=== WHAT THE TASK ASKS ===
Within the entries below, please retype exactly the lines starting with the line that has "uly ökizçeli göleli sygyr" and going on through the line that has "Phlox in use.", but not the pictures.

Stored records:
--*--
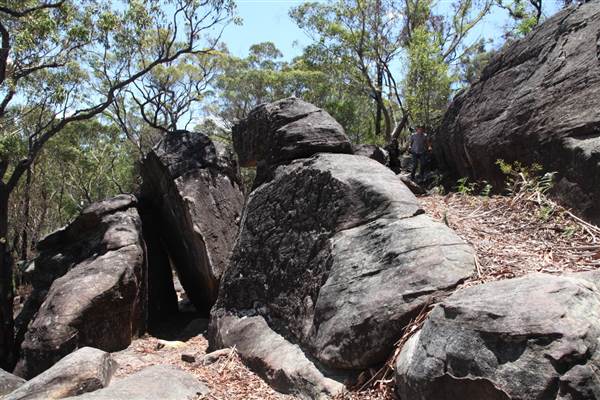 Ted Horwood Reserve (17/07/2013)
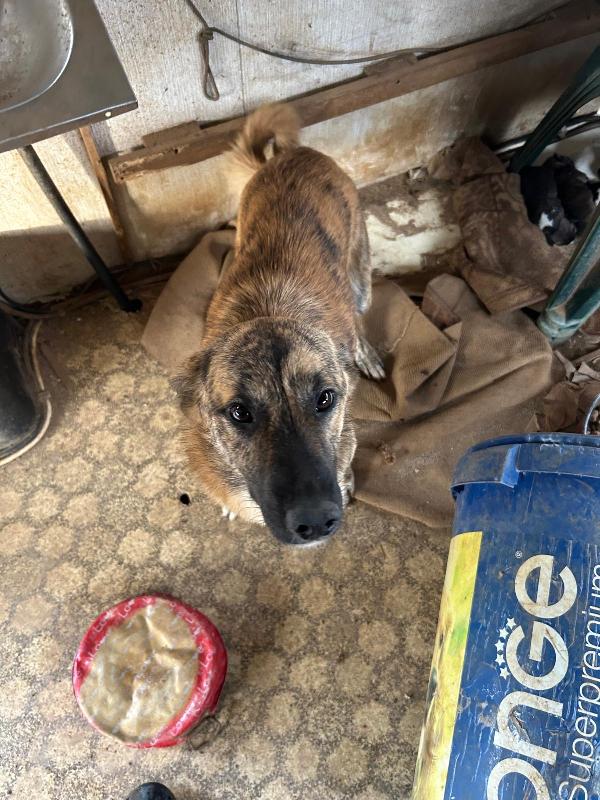 Nelle splendida giovane mammina dal manto tigrato  Foto 3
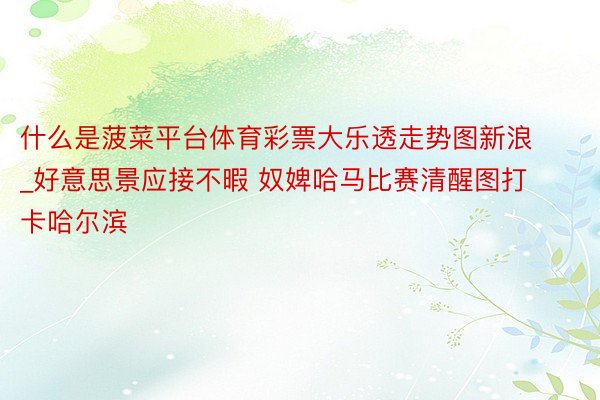 什么是菠菜平台体育彩票大乐透走势图新浪_好意思景应接不暇 奴婢哈马比赛清醒图打卡哈尔滨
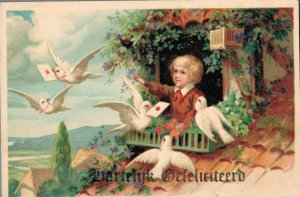 Birthday Greetings Boy And Pigeons 06.60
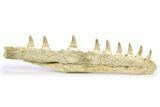 Mosasaur (Eremiasaurus?) Jaw with Nine Teeth - Morocco #260369-1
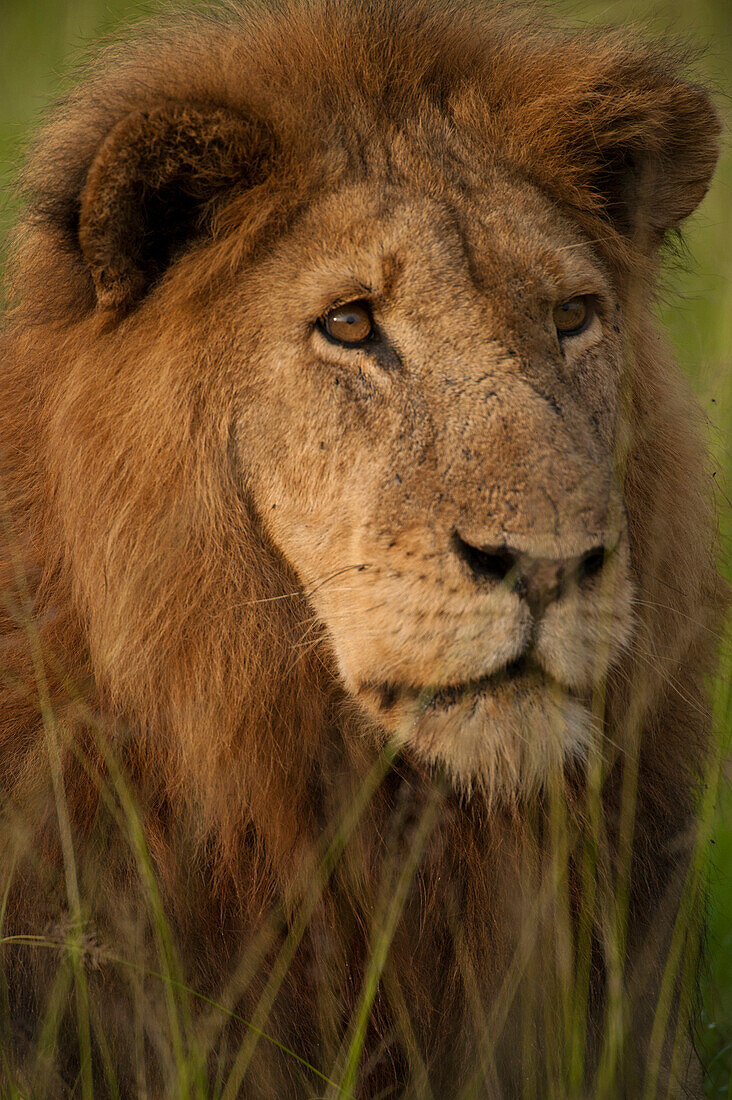Nahaufnahme des Löwen Ziwa (Panthera leo) im Queen-Elizabeth-Nationalpark, Uganda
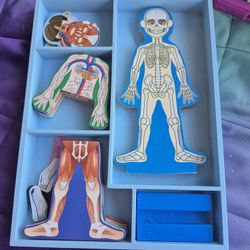Melissa & Doug Magnetic Human Body. Like New. All Piceces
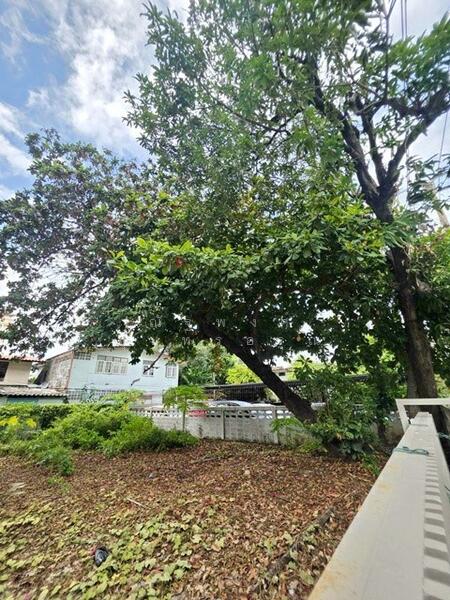 ให้เช่า - ไม่พบโครงการ, กรุงเทพ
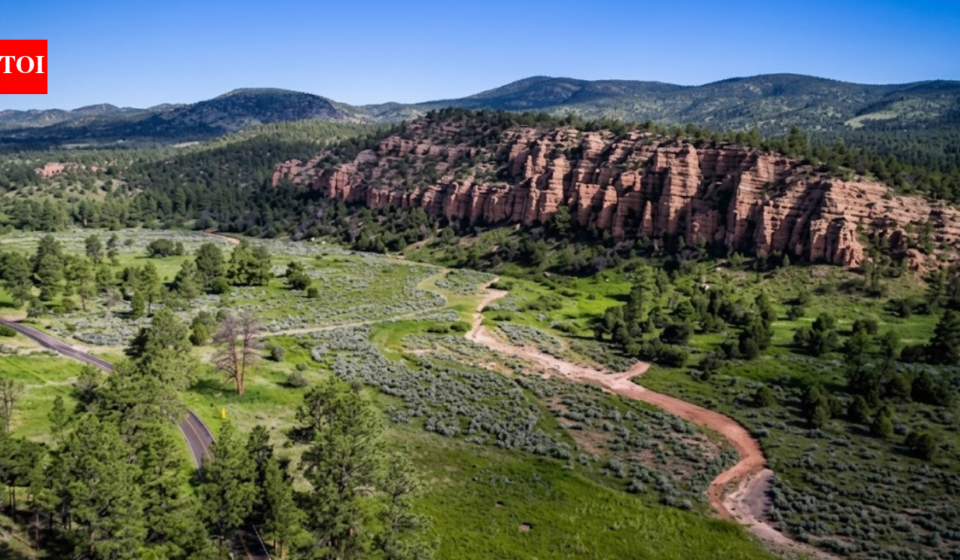 New Mexico has protected nearly 11,000 acres along the Mimbres River as a new wildlife area, safeguarding historic water rights, rare river habitat and a 2-mile stretch of the desert stream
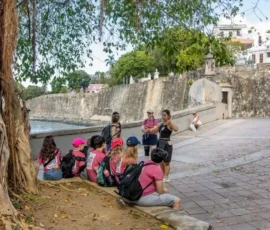 A group of people, most wearing pink shirts and backpacks, sit and listen to a guide near a large tree and stone wall in an outdoor urban area.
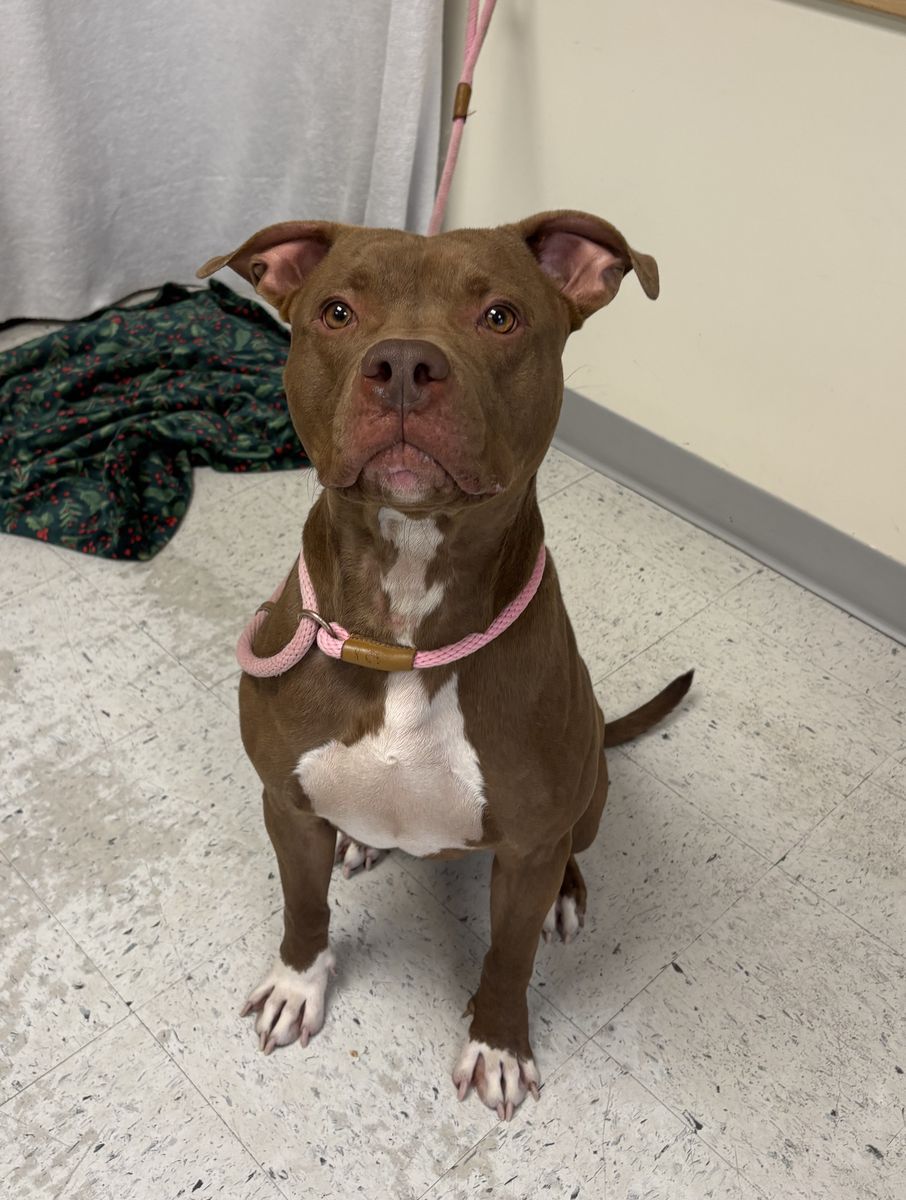 A160434 Twix is Available for Adoption!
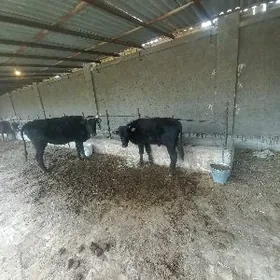 uly ökizçeli göleli sygyr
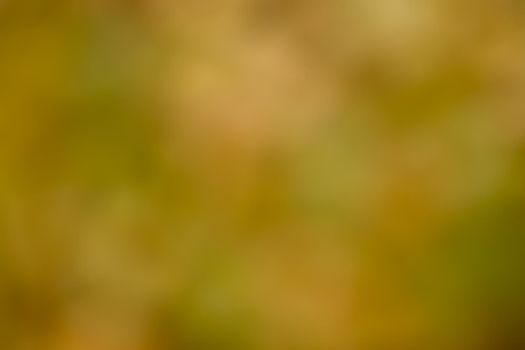 Yellow and red autumn leaves make a nice green background as a blurred photo to be used as a template for a message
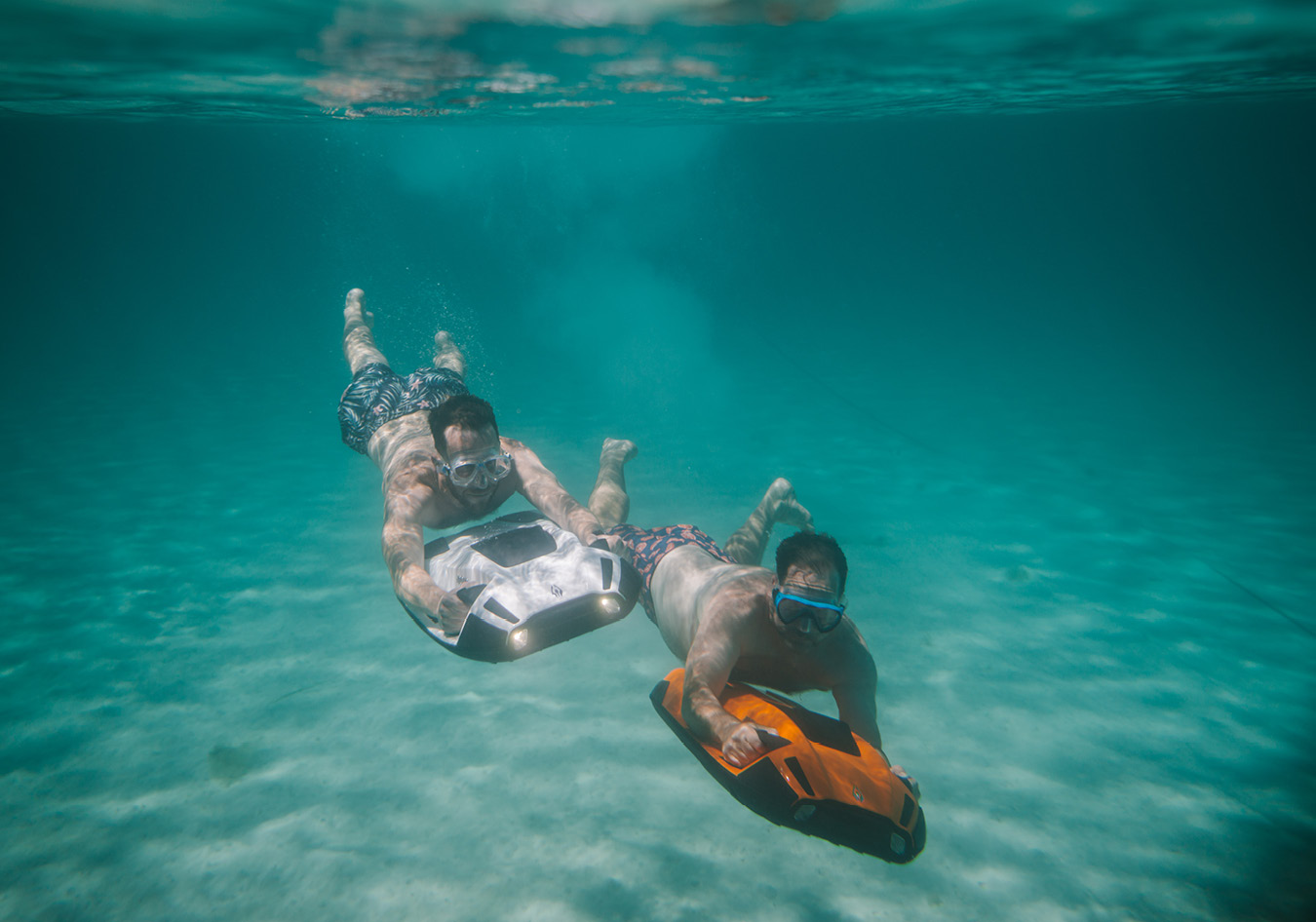 seabobs in the whitsundays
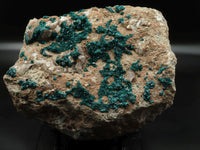 Natural Giant Dioptase Specimen With Bright Emerald Green Crystals & Large Dolomite Crystals x 1 From Congo - TopRock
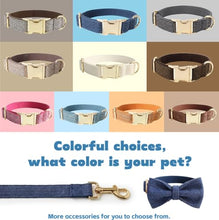 Load image into Gallery viewer, Personalized Polyester Dog Collar with Name and Phone Number, Customizable Laser-Engraved Collar with Metal Quick Release Buckle for Dogs
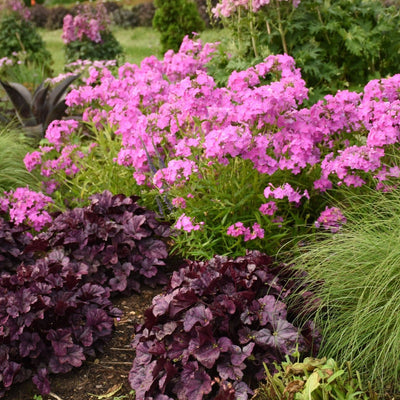 'Opening Act Ultrapink' Phlox in use.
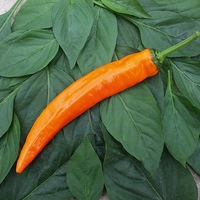  POIVRON LONG (Corne) POIVRON LONG (Corne)-KYRA F1 (Capsicum annuum)-Graines non traitées - Graineterie A. DUCRETTET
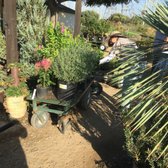 Village Nurseries 73 Photos 34 Reviews Gardening Photo Of Village Nurseries Orange Ca United States Sarah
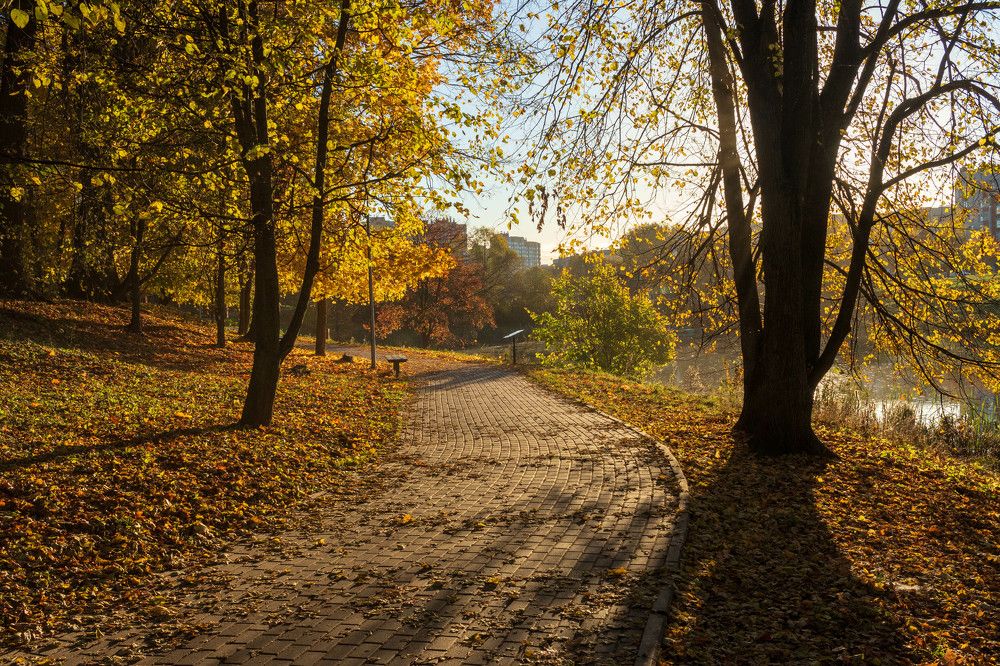 Photograph by Александр Корженков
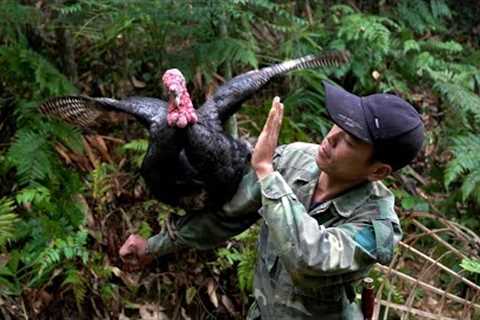Survive alone trap big and ferocious turkeys | Survival skills | Đặng Văn Toàn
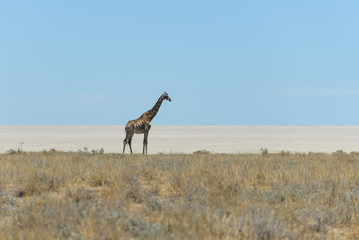Giraffe walking in the African savanna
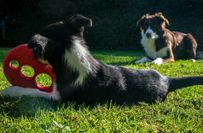 Hundesport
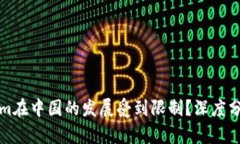 为什么Tokenim在中国的发展受到限制？深度分析与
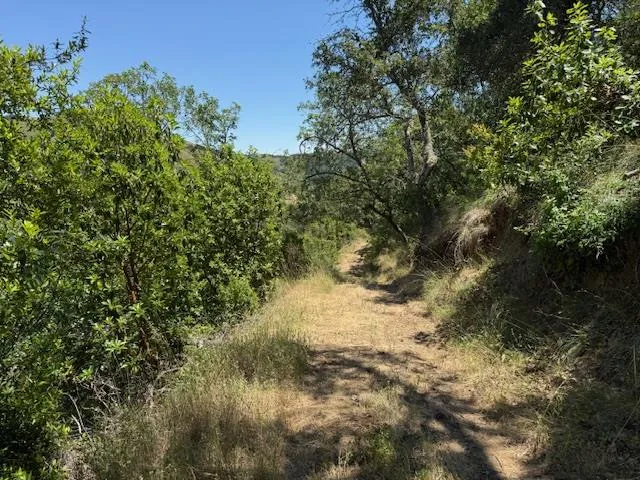 a view of a wooden door and a yard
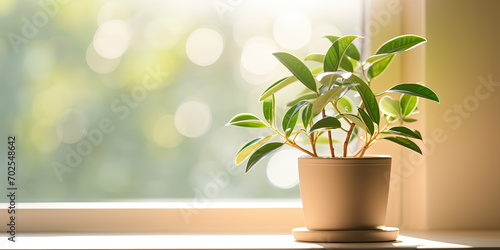 a green plant sits on a window sill  in the style of focus stacking  bright luster  generative AI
--*--
=== EXERCISE SOLUTION ===
 uly ökizçeli göleli sygyr
 Yellow and red autumn leaves make a nice green background as a blurred photo to be used as a template for a message
 seabobs in the whitsundays
 Natural Giant Dioptase Specimen With Bright Emerald Green Crystals & Large Dolomite Crystals x 1 From Congo - TopRock
 Load image into Gallery viewer, Personalized Polyester Dog Collar with Name and Phone Number, Customizable Laser-Engraved Collar with Metal Quick Release Buckle for Dogs
 'Opening Act Ultrapink' Phlox in use.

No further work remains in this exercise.